You care deeply about your loved ones and want to do something to show them? Listen to your loved ones, really listen. But you need to be able to hear in order to really listen.
Studies reveal millions of people would benefit from wearing hearing aids because one in three adults between the ages of 65 and 74 have some level of hearing loss. But only 30% of those people actually use hearing aids, regrettably.
Diminishing hearing, depression, higher instances of dementia, and stressed relationships are some outcomes of this inaction. Many individuals experiencing hearing loss simply suffer in silence.
But it’s almost springtime. It’s a time for emerging leaves, flowers, new beginnings, and growing together. Isn’t it time to renew your relationship by speaking openly about hearing loss?
It’s Important to Have “The Talk”
Studies have observed that an person with neglected hearing loss is 2.4 times more likely to experience dementia, including Alzheimer’s disease. When the region of your brain used for hearing becomes less engaged, it can begin a cascade effect that can impact your entire brain. This is referred to as “brain atrophy” by doctors. It’s an example of the “use it or lose it” concept at work.
Depression rates among individuals with hearing loss are almost double that of somebody with healthy hearing. Individuals who have worsening hearing loss, according to research, frequently experience agitation and anxiety. Separation from friends and family is frequently the result. They’re prone to stop including themselves in the activities they once enjoyed as they sink deeper into a state of sadness.

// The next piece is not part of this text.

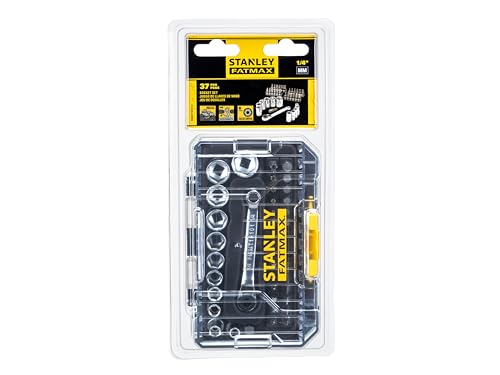 Coffret STAKBOX 14'' jeu de 37 pièces STANLEY FMMT19101 0 - vue 7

Strained relationships between friends and family members is often the result of this separation.
Solving The Mystery
Your loved one might not be ready to tell you that they are experiencing hearing loss. They may be scared or ashamed. They may be in denial. You may need to do a little detective work to decide when it’s time to initiate the conversation.
Since you can’t hear what your loved one hears, you’ll have to use external cues, including:
- Important sounds, like somebody calling their name, a doorbell, or a warning alarm are often missed
- Staying away from busy places
- Avoiding conversations
- Ringing, buzzing, and other noises that no one else can hear
- School, hobbies, and work are suddenly becoming more difficult
- Misunderstanding situations more frequently
- Irritation or anxiousness in social settings that you haven’t previously seen
- Turning the volume way up on the TV
Watch for for these common symptoms and plan on having a heart-to-heart conversation with your loved one.
How to Talk About Hearing Loss
It may be difficult to have this conversation. You might get the brush off or even a more defensive reaction from a spouse in denial. That’s why approaching hearing loss in the proper way is so significant. You may need to modify your language based on your unique relationship, but the steps will be the same for the most part.
Step 1: Tell them you love them unconditionally and value your relationship.
Step 2: You’re concerned about their health. You’ve gone over the studies. You know that untreated hearing loss can lead to an increased chance of depression and dementia. You don’t want your loved one to go through that.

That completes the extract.